#### PROVIDED DATA

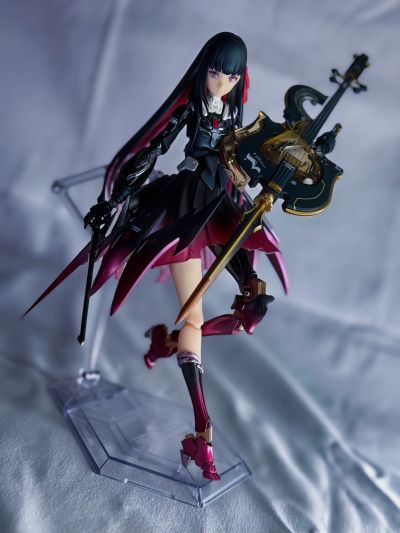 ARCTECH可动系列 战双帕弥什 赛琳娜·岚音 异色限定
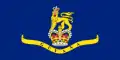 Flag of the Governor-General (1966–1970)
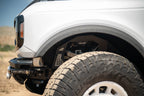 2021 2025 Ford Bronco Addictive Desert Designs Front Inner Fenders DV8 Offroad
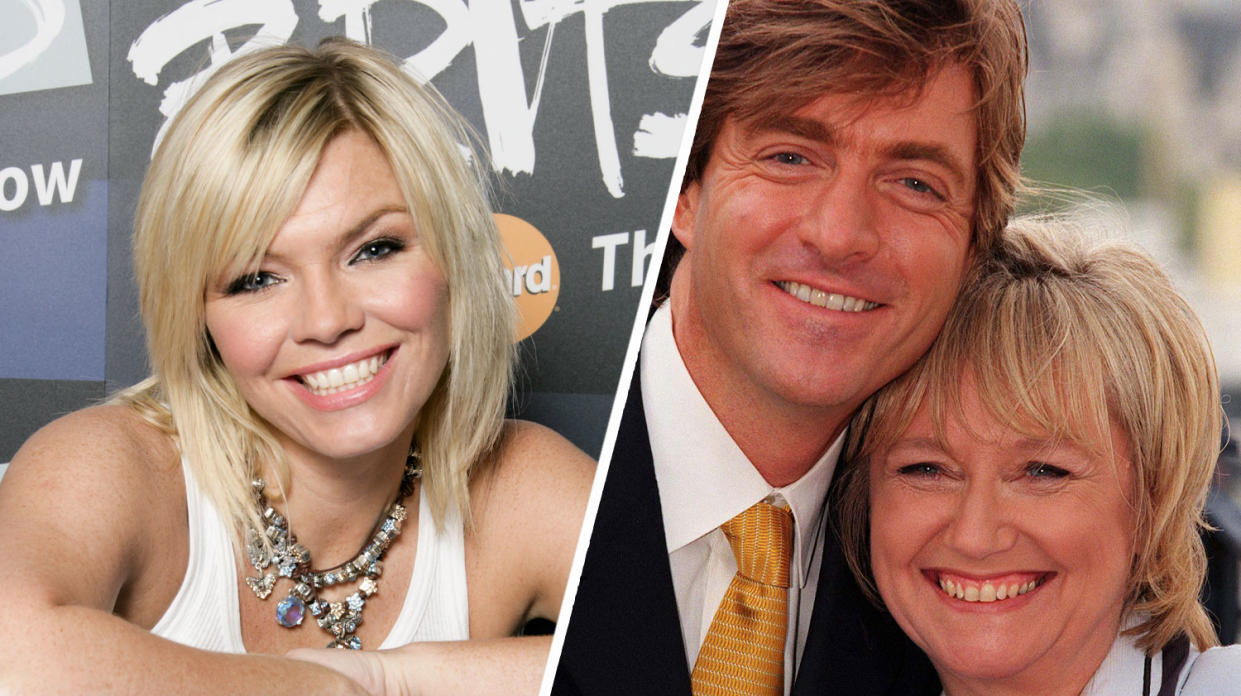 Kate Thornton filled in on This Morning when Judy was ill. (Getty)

########

▶ **WORK ITEM**
Leave the images out and transcribe the rest of the material exactly.

▶ **RESULT OF THE EXERCISE**
 ARCTECH可动系列 战双帕弥什 赛琳娜·岚音 异色限定
 Flag of the Governor-General (1966–1970)
 2021 2025 Ford Bronco Addictive Desert Designs Front Inner Fenders DV8 Offroad
 Kate Thornton filled in on This Morning when Judy was ill. (Getty)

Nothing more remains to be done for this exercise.